### Aim of the exercise
Retype the lines below exactly, but only those from the line that has "this 683×1024 image." through the line that has "this 474×348 image.". Omit every picture.

### Study material
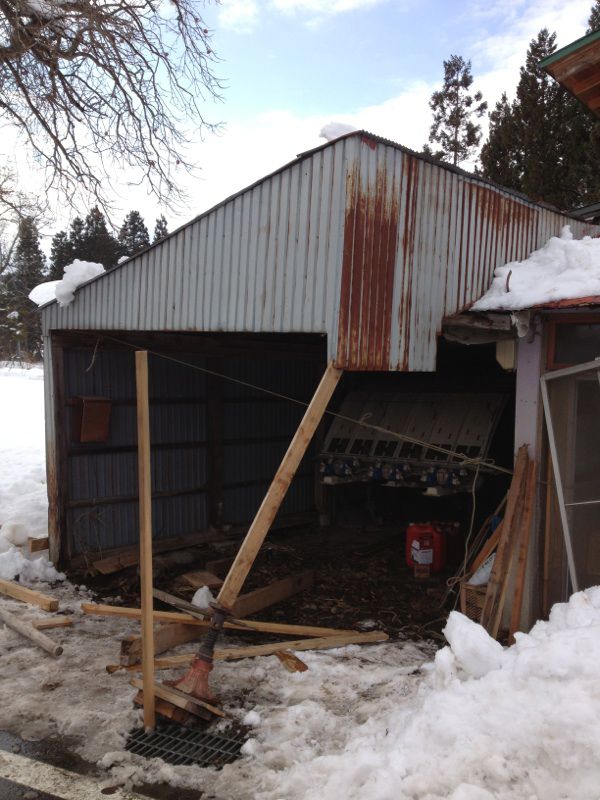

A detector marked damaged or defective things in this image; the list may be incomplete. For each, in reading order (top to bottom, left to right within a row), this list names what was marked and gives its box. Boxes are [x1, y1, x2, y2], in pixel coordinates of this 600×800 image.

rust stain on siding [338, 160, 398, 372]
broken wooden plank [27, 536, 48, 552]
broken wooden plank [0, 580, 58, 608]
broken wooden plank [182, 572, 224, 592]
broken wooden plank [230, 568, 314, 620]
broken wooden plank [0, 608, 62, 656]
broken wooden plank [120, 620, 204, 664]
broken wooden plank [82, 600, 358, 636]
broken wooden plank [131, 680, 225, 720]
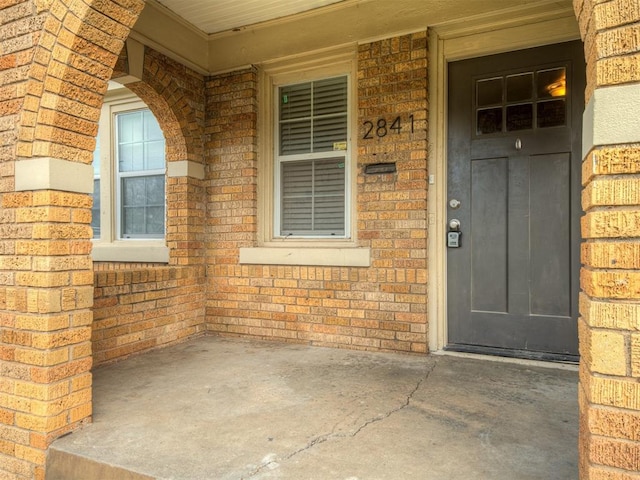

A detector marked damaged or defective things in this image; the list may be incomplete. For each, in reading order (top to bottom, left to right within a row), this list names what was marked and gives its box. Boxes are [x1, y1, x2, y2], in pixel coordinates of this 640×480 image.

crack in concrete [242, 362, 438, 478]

* * *

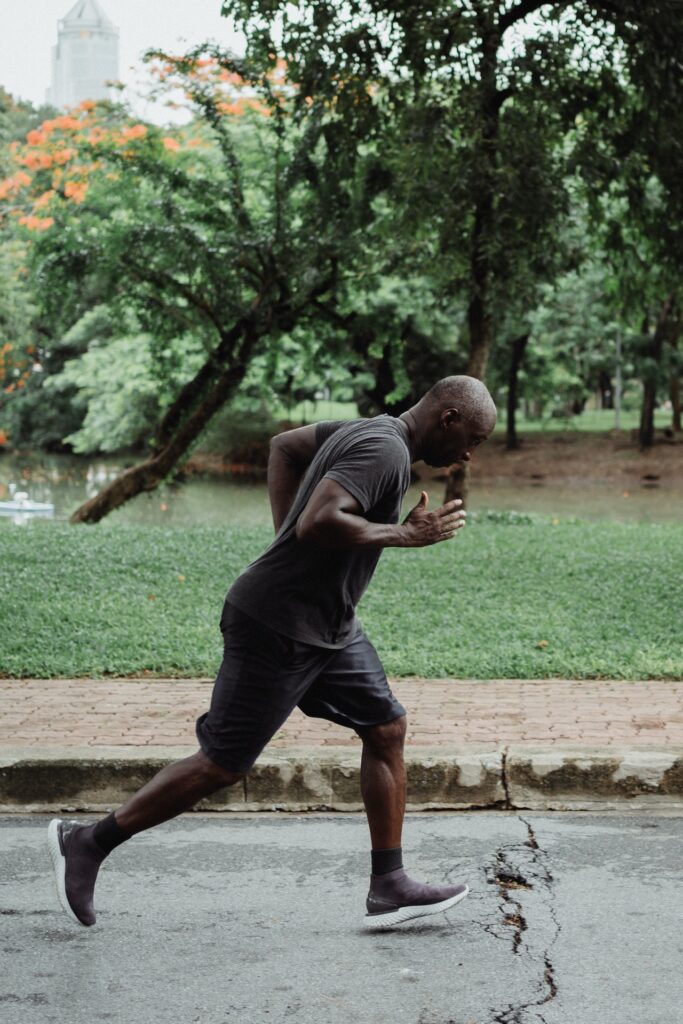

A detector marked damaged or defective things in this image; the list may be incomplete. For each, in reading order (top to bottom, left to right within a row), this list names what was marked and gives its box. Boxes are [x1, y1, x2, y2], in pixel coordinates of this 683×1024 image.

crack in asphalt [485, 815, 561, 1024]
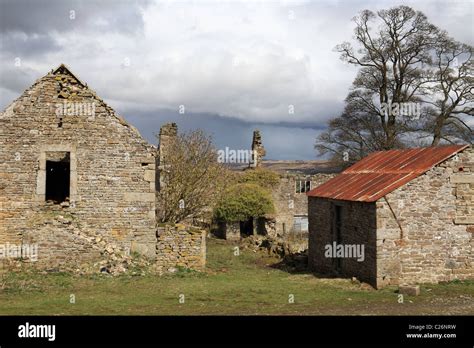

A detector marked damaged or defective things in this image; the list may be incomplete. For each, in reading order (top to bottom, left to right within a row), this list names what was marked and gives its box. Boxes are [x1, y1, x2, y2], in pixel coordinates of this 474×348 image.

### Written answer
A detector marked damaged or defective things in this image; the list may be incomplete. For each, in reading order (top to bottom, left to right within a row), this list names what was marked and gives its box. Boxes are [x1, y1, x2, y2], in pixel coordinates of this 683×1024 image.

crack in asphalt [485, 815, 561, 1024]

A detector marked damaged or defective things in this image; the list may be incomplete. For each, in reading order (top to bottom, left to right within a row), this list names what was marked and gives its box. Boxes are [x1, y1, x2, y2], in pixel coordinates of this 474×348 image.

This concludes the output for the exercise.